Green Tea Component Could Help Fight HIV Infection
A chemical that occurs naturally in green tea appears to prevent HIV-1 (the virus associated with AIDS) from infecting cells in the immune system and could prove a valuable part of treatment for the disease, said researchers from Baylor College of Medicine and Texas Children’s Hospital in a report that appears in the current issue of the Journal of Allergy and Clinical Immunology.
In previous studies, Dr. Christina Nance, assistant professor of pediatrics at BCM, and Dr. William T. Shearer, professor of pediatrics at BCM, had demonstrated that epigallocatechin gallate or EGCG, found in green tea, blocks the ability of HIV-1 to attach to a cellular entry molecule called gp120. This inhibits the virus’ ability to infect cells.
Paramount from global aspect
“Now we have shown that EGCG can inhibit infection not only in a specific strain of HIV-1 but in multiple subtypes and strains,” Nance said. “This is paramount from a global aspect. Most initial studies with HIV-1 in the Americas are based on subtype B.” However, most of the world is infected with other strains.

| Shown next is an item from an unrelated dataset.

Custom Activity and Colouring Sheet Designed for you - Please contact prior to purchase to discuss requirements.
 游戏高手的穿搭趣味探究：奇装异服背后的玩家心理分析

“Previously, we had shown how it worked,” she said. “This is definitive proof that the compound inhibits actual HIV infection in lymphocytes or T-cells.
In fact, she said, they are planning a study of the compound in people in the near future.
In this study, they exposed immune cells from the blood of people who did not have HIV/AIDS to the virus in the laboratory. They then incubated these HIV-infected immune cells with EGCG. They found that the compound blocked the ability of the virus to infect other cells. Molecular components of the compound called pryogallol and galloyl appear to be responsible for the prevention of the gp120 protein from attaching to the CD4 molecule found on T-cells, a key component of the immune systems.
This effect occurs at concentrations that would be non-toxic to people, said Nance.
“Thus, EGCG may represent a potential low-cost inhibitor of global HIV-1 infection that could be used at least as adjunctive anti-HIV therapy,” said Nance and Shearer in their report.
Next phase of testing
Previous drugs developed to block the entry of HIV-1 into cells proved ineffective because the virus mutated.
“Once HIV is exposed to drug, it finds a way around it,” said Nance. She said she hopes that EGCG, derived from a natural product, will be less likely to generate such mutations. Currently, she is doing tests to determine whether EGCG will generate such resistant mutations.
That preliminary work could help clear the way for early patient studies, she said. BCM has received a grant from the National Institutes of Health to being a phase 1 trial to study the safety of the compound in HIV-1-infected people.
Dr. Edward B. Siwak, assistant professor of molecular virology and microbiology at BCM, also took part in this research.
Funding for this work came from the National Institutes of Health and the Baylor Center for AIDS Research.